We all agree that it’s okay that there has been rampant cross-cultural fertilization between human groups, upwards as well as downwards, since our species began. This would include the fact that whites were central to the creation of ragtime, jazz, and rock using black musical styles as a foundational element. None of us wish America’s music were still jigs, marches, and weepy parlor ballads while black people played the blues quietly among themselves.
So: The culturally sensitive person must not imitate black people — hear that, gay white men who like to take on some speech and gestural traits of black women? — or even point out positive traits they share with them in public. Or, wear a Mulan costume for Halloween unless Asian. And so on.

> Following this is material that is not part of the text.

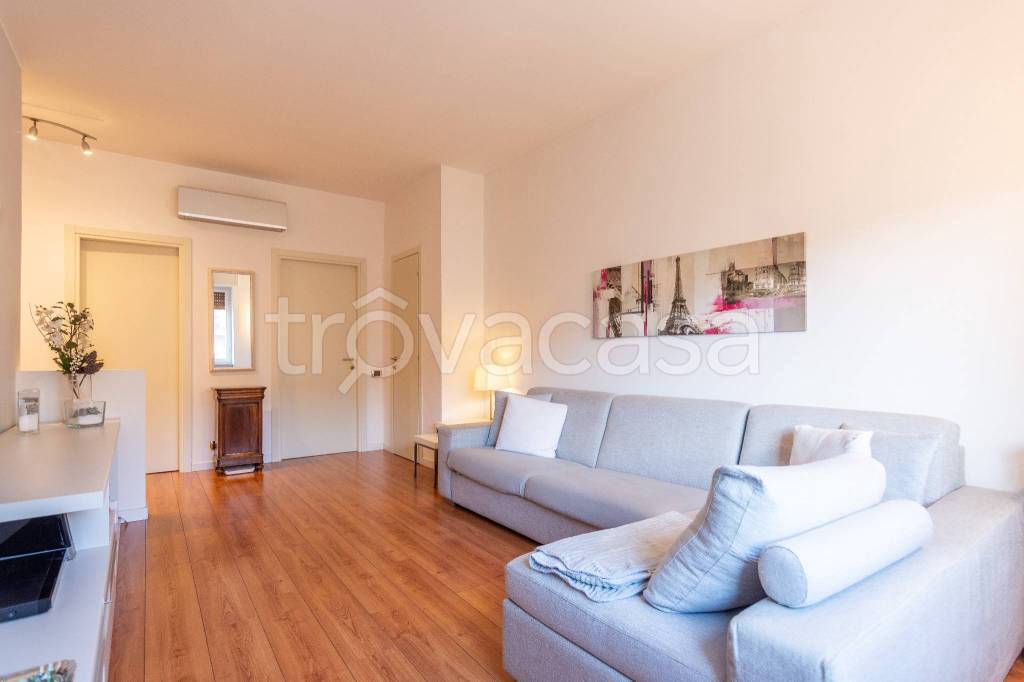 Appartamento in vendita a Milano via Val di Sole, 14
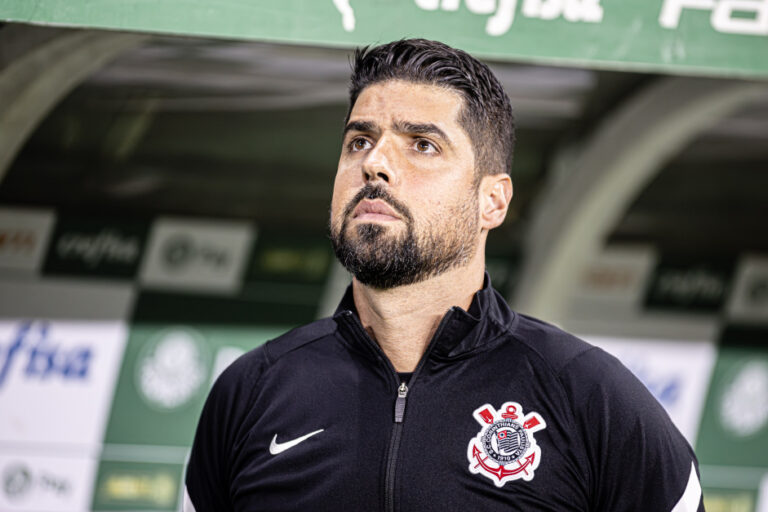 Corinthians anuncia demissão do treinador António Oliveira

But the rationale here is not as self-evident as many think. First, why is imitating someone “from above” only a sin today? Does anybody really wish new music didn’t emerge in 1920s Harlem? Or, given that imitation is the sincerest form of flattery, why is that suddenly not true when it comes to today’s “appropriations”? Here is where many think they have an answer: “To imitate is to take away.” But when gay men imitate black women’s gestures, black women still have them. Maybe I’m behind the curve, but I see no signs that our sense of the difference between a white gay man and a black woman is beginning to blur.
Another standard line is “You can’t take on our traits because you haven’t been oppressed.” But in another mood we might see it as self-defeating to analyze your entire persona as a response to how people get you wrong — whose every slang idiom, way of moving, gesture, or hairstyle is a response to white people not liking them.
At this point, one may also hear that it’s stereotyping to even think there is such a thing as “black culture” anyway. But if so, then how is there anything to claim is being “appropriated” in the first place?
It all goes in circles and really doesn’t make a whole lot of sense. Black women have often complained that society gives them a bad rap about the issue of how much “back” baby got, but when Blake Lively expresses joy that she has exactly that kind of endowment in a salute to black women, she is roasted over the coals as a racist?
This way of thinking — and make no mistake, whites join in as heartily as anyone else — will seem as convoluted and peculiar in the future as Arian debates over the divinity of Jesus do to us now. There’s a fine line between seeking social justice and seeking simply to be offended, and the way “appropriation” is used of late crosses into the latter zone dismayingly often.
John McWhorter is an associate professor of English and comparative literature at Columbia University.